It was a fitting outcome for a rider who dominated the event from its beginnings on Friday to its dramatic conclusion on Saturday night, the 21-year-old pipping Germany's Kristina Vogel in three tight sprints.

The first of their meetings had come just moments after James's boyfriend, George North, had been part of the Wales rugby team which beat Italy, although James did not find out the result until after her own win.

While North played in the Roman deluge, for the first time this week expectations were dampened for James as she was outwitted by Vogel in their first encounter by less than a tyre width.

Watched by her grandparents, Kathleen and Ioan, in the stands, the rider from Abergavenny was devoid of the nerves that usually beset her and, after talking through the errors of race one with her coach, Jan van Eijden, kept a cool head to come past Vogel in race two and force a decider.

In that finale, she led out the German and kept her advantage all the way to the line to add gold to her bronze medals in the team sprint and 500 metre time trial.

"I can't even describe how I'm feeling right now," she said. "It's not sinking in. I had targets in my head but not to be stood on the top step of the podium tonight."

Prior to Saturday, she had shown speed but there was courage and quick thinking involved in the move that put her into the gold medal ride-off by outfoxing Guo Shang.

Riding high on the banked velodrome, she was less a Minsk missile and more the Abergavenny arrow with the accuracy in which she fired through the narrowest of gaps. It caught the Chinese rider unawares leaving James to pull away and go for gold against Vogel.

Such gutsy riding allied to her tactical prowess brought inevitable comparisons to Victoria Pendleton, who at last year's World Championships had come back from a nasty fall in the same event final to win her ninth world title.

James, three years younger than Pendleton was when she won her first world title, still has some way to match her sprint predecessor's record but, while the emotional and mental strain of competing oozed from every pore for Pendleton, James is apparently the antithesis.

As sprint coach Iain Dyer said: "I'm sure she'd like to be the new Becky James rather than the next Victoria Pendleton. I hope that these championships will be her springboard."

Van Eijden added: "We don't need to compare her to Vicky."

According to Dyer, James' medal run, which has individually put her ahead of China and Russia in the medal table, is not finished. She has the chance to win a fourth medal here tomorrow in the keirin.

Dyer described her as "one of the very best sprinters in the world". As for the keirin, he added: "I'd expect her to go very well indeed."

While one British sporting couple in James and North were celebrating 1,500 miles apart, another endured mixed fortunes on the Minsk track.

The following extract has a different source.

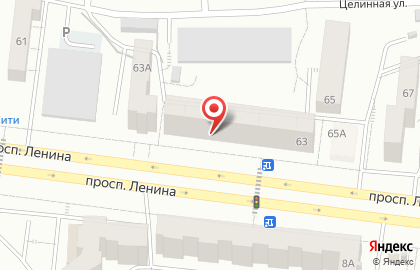 Телекоммуникационная компания Уфанет на проспекте Ленина на карте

Jason Kenny was surprisingly sluggish in the sprint, failing to make it out of the quarter-finals, while the other half of British cycling's golden couple, Laura Trott, was not quite at peak form for much of the day.

Kenny has blown hot and cold at these championships but, unlike in the keirin where he bounced back to take gold, there was to be no similar Houdini act in the individual sprint.

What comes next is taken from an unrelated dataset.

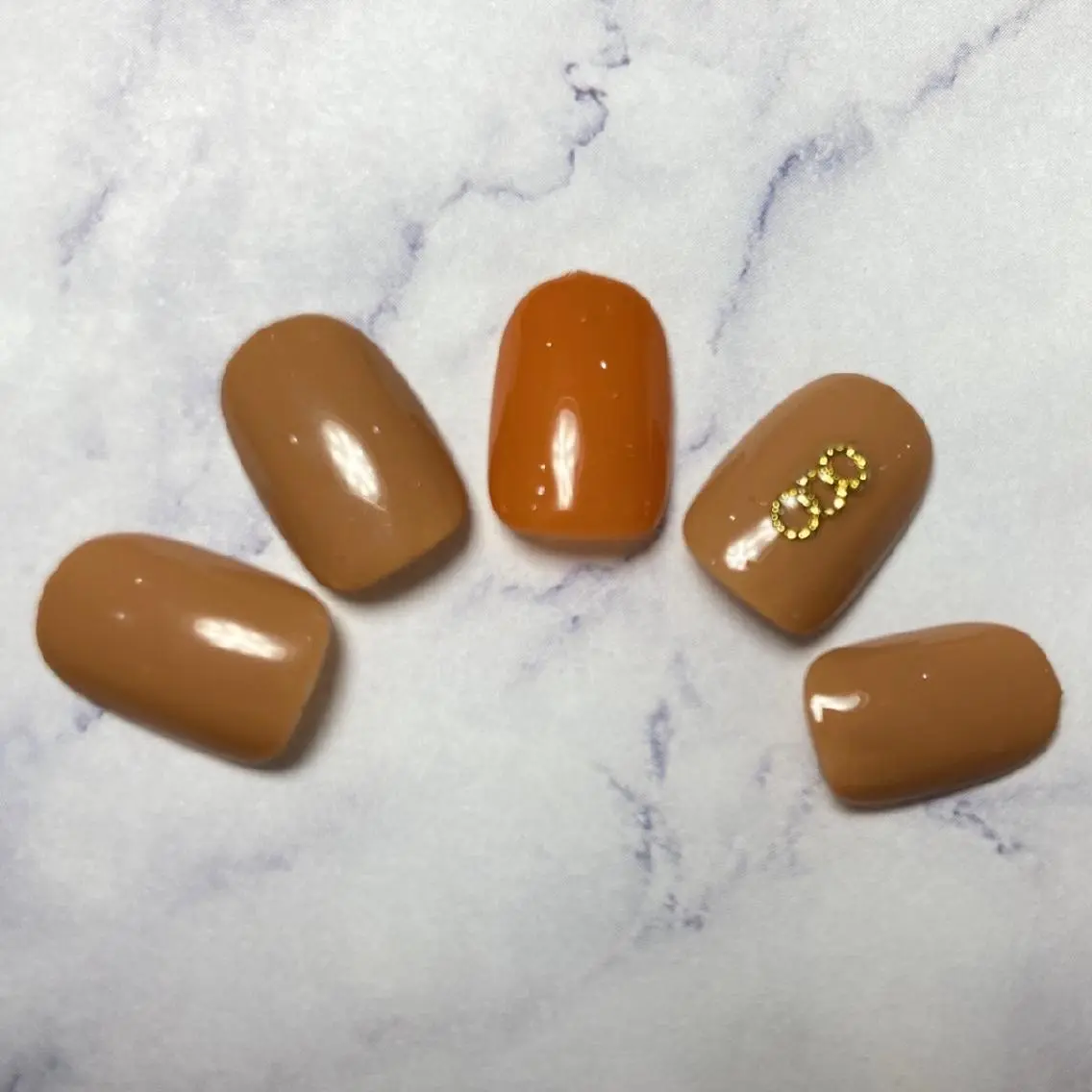 ネイル アートネイル ワンカラーネイル ハンドネイル Nail&eye Belire 新宿のネイルデザイン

Never that strong in qualifying, he was seventh quickest of the 42 runners. The next round against Pavel Kelemen was a relative mismatch and Kenny took that comfortably, but he was run close in his next encounter by Germany's Stefan Botticher, who had accounted for the earlier exit of his former German teammate Philip Hindes, now with the British set-up.

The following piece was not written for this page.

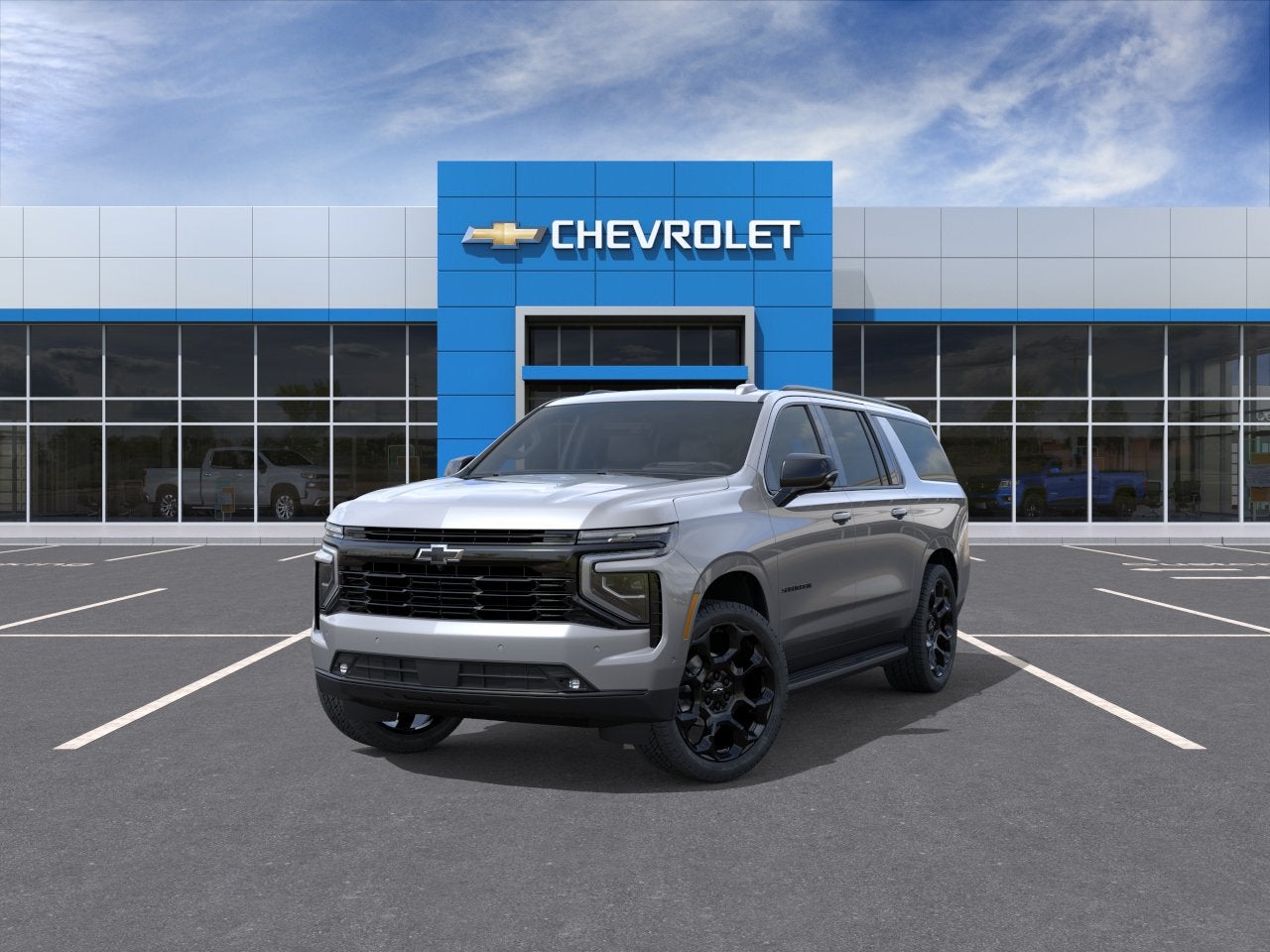 2027 Chevrolet Suburban RST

Kenny's demise finally came at the hands of Sam Webster, the New Zealander needing just two rides of their best-of-three encounter to despatch of the Olympic champion.

As Britain's other Olympic track champion, Trott started the Omnium as favourite but she came third in the opening event coming third and then 10th in the points race.

She won the final event of the day, the elimination race, but it leaves her third overall on 14 points, some way off from leader Sarah Hammer, of the United States, on nine.